La gente pregunta. Se espanta. Grita. Poco a poco. Luego, todo a la vez.
En el andén, un hombre, ya en sus sesenta, de ojos llorosos y mirada perdida, hace gestos imprecisos hacia uno de los vagones, o a las personas de su interior, o a su propia impotencia; dudo que él mismo lo sepa. Y en cualquier caso, carece ya de sentido.

Tomo una bocanada de aire, densa, profunda. En ella percibo un olor pesado y empalagoso, que sé (casi) seguro que aún no existe, pero que mi imaginación se empeña en ilustrar con todos sus detalles.
Antes de que el tren acabe de detenerse, ya me he dado la vuelta. Subo las escaleras, despacio, contacorriente, maldiciendo -no sé el que- en mi cabeza. En treinta segundos estoy en la calle. Me cuesta llenar los pulmones, y camino con un rumbo perdido.

Pienso en el ser humano que en cuestión de segundos se ha convertido en un amasijo de carne, sangre, huesos; organos, facciones, pensamientos, ideas, sentimientos. Todo ya indiferenciado. Informe. En el fondo de una via.

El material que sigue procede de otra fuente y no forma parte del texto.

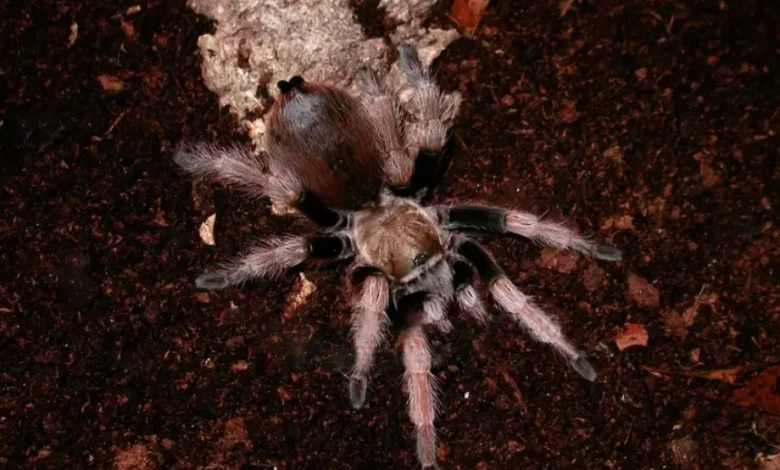 Aphonopelma gertschi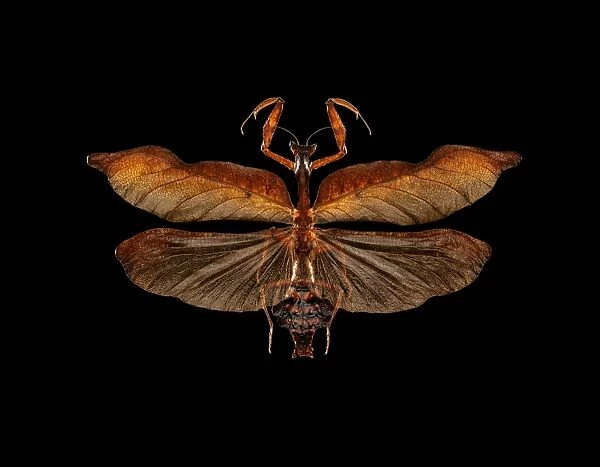 South American dead leaf mantis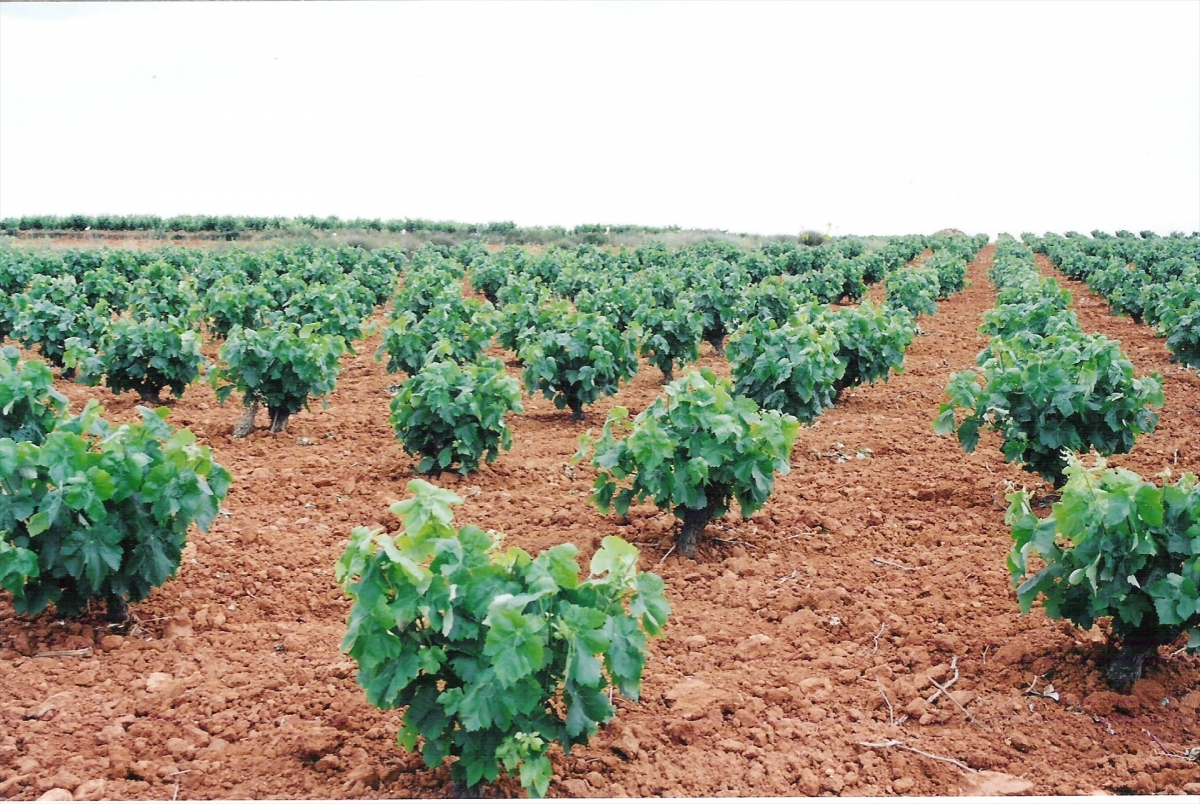 La Unió pide al Consell una ayuda directa para los viticultores y que reclame al Ministerio la vendimia en verde
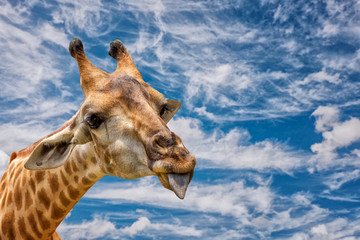 Naklejka premium A Portrait Of A Giraffe Show Tongue and blue sky background.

Pienso en como hemos convertido el honor de la muerte en el horror de la muerte, y la aventura de la vida en el horror de la vida, y en cómo hemos hecho añicos el simple acto de existir.

Pienso en ese ente monstruoso llamado Ciudad, y su indiferencia hacia nuestra propia existencia. O nuestro sacrificio.
Lo importante es que el movimiento no se detenga:
parar
acordonar
rascar
limpiar
serrín
adelante.
Siguiente tren.
Y que sus ocupantes no sepan que ruedan sobre cadáveres.
No sea que se planteen escapar del monstruo ellos también.

Llego a mi destino.
Andando erráticamente he cruzado la ciudad.
No vuelvo a coger el metro en los siguientes días.

En una parada de autobús, un anuncio de la lotería promete la libertad, como si de una distopía Orwelliana se tratara.
Pero la lotería no le toca a 50 millones de personas; y muchos (cada día unos cuantos más, cada día un poco peor) prefieren buscar la libertad a un paso de distancia.